Canary has taken flight
Introducing Canary: a mobile application that tracks and offsets your digital carbon footprint. Visit canaryinthecloud.com for more information.
Documenting the raw and refined thought, research, and making of my thesis at SVA's IxD program.
Introducing Canary: a mobile application that tracks and offsets your digital carbon footprint. Visit canaryinthecloud.com for more information.
Watch my classmates and I present our thesis work live at the SVA Theatre in New York City, 11am-4pm on May 12th.
This weekend I got some help from Sara Dierck and Tash Wong making the packaging for the SVA IxD Festival and Exhibition takeaways: test tubes. Instead of describing the carbon footprint of our data in terms of weight (pounds or grams), I’m using volume and using empty test tubes to communicate the concept. For example, Google estimated that a search produces 0.2 grams of CO2 which is equal to approximately 100mL - weight of air versus volume of air. By comparison, a resting human breath on average is 500mL or five Google searches.
My process book is now available for digital reading and hard copies will be arriving soon. While I am still working on my thesis deliverables (this being one of them) and final presenation, I pulled another all-nighter with fellow classmate and taxi buddy Chris Cannon to finish up the content/layout for my process book and send it to Blurb for publishing. My goal was to get it ready for our exhibition on May 12th so I had to put content on lock down, even though coversations and work today has already rendered my book outdated. Oh, c’est la thesis.
Just finished designs for Canary: an iPhone app that tracks your digital content production and subsequent CO2 emissions. First flight is May 12, 2012.
I’ve been working on designing Canary’s iPhone app screens. Here’s a sneak peek of the offset screen for Instagram, displaying current and previous offsets with options to pay an offset immediately or setup a monthly autopay. I decided that every 100 grams of CO2 emissions would equal $0.10. For user uploading 50-60 pictures a month, he/she would have the option of paying $1.02 to a local carbon offset project for the month’s CO2 emissions.
Companies must look not only at how efficiently they are consuming electricity, but also the sources of electricity that they are choosing.

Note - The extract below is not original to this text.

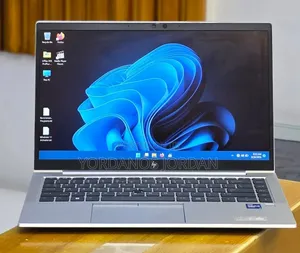 New Laptop HP EliteBook 840 G8 16GB Intel Core i7 SSD 512GB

— Greenpeace. Read the full report
I’ve reached a critical crossroads in my thesis work: the point at which this process blog, my final documentation (process book), and work on the Canary project are nearly parallel. I have three weeks left to finish multiple deliverables and time management now trumps any and all decisions. As a result, this will be the second to last entry of my thesis blog. My final entry will be a link to the live stream of our final presentations on May 12th.

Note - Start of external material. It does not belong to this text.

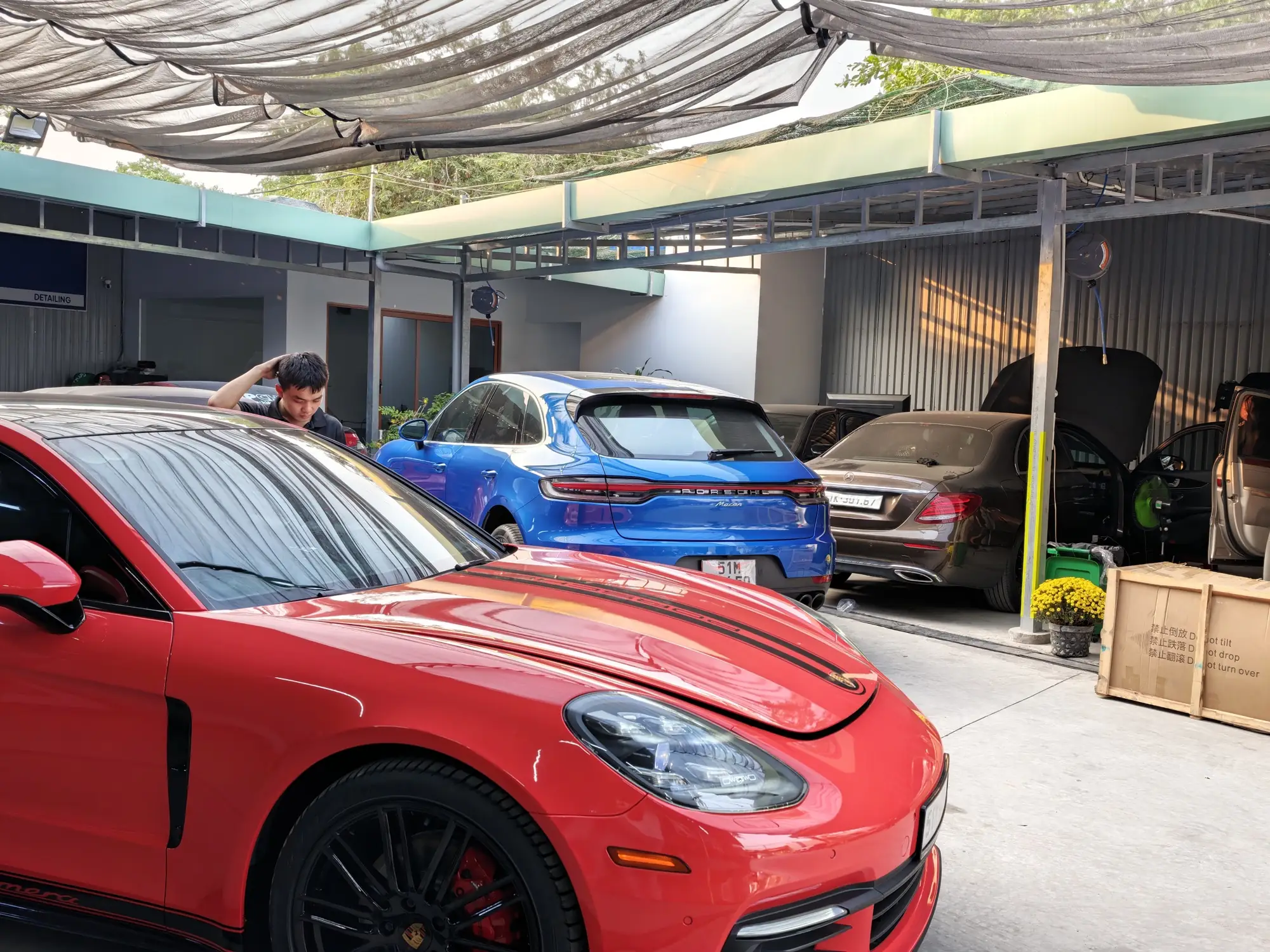 Dàn xe Đức Porsche, BMW, Mercedes chăm sóc – làm đẹp tại Sen Performance, chi nhánh BMAP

For the remaining time, I will be preparing:
Thesis Exhibition - Immediately following our presentations at the SVA Theatre, we have a reception and exhibtion of our thesis work back at our studio. I outlined a sketch for the setup and talked takeaways with my cousin Sara who will be helping me out with design/production.
Over this past week, I’m up to three cups o’ coffee (sometimes four) and wireframing/prototyping the Canary app. With a little help from my classmates, I quickly learned two awesome rapid prototyping tools for the iPhone: TAP and LiveView. Seriously, these are my new favorite applications. Using these new tools, I created some key screens, killed a few, modified others, and got ready for my a review with Mari Sheibley, lead design at Foursquare (thanks to Michael Yap for setting it up). The review went awesome and Mari gave me some super valuable feedback. Soon after, I met with Cooper to discuss our wireframes, stripping out features and complexity. After a solid weekend of work and a visit to the Brooklyn Botanic Garden, I shored my wireframes and prepped for final designs.
Before my review with Mari, I met with Liz to discuss the status and approach of my process book and takeaways for the thesis exhibition. I left the meeting feeling engerized and subsequently pulled an all nighter working on my process book. It felt great to check a few items off the deliverables list as well as work alongside a fellow IxD’ers late night in the studio.
The Coal Button site is now live. Just remember: behind every click, there’s a little lump of coal.
I’m testing out my assumptions for two potential features in my final product with the Carry Your Cloud prototype. For the last 5 days, I asked a few participants to either: carry around a physical representation of their tweets (I’ve been carrying around all my my Flickr photos) or carry a “wallet” with tweet coins to cash in each time they tweet. As users of cloud-based services, I want to know how aware we are of amassed data that we now store in our digital attics (aka tweets from 2 years ago, forgotten and in the cloud). I also want to test the concept of placing limits on an unlimited resource and understanding our digital activity as currency.
This week, I’ll be collecting the journals of participants, conducting exit interviews, and do some sythesizing with my proposed feature set.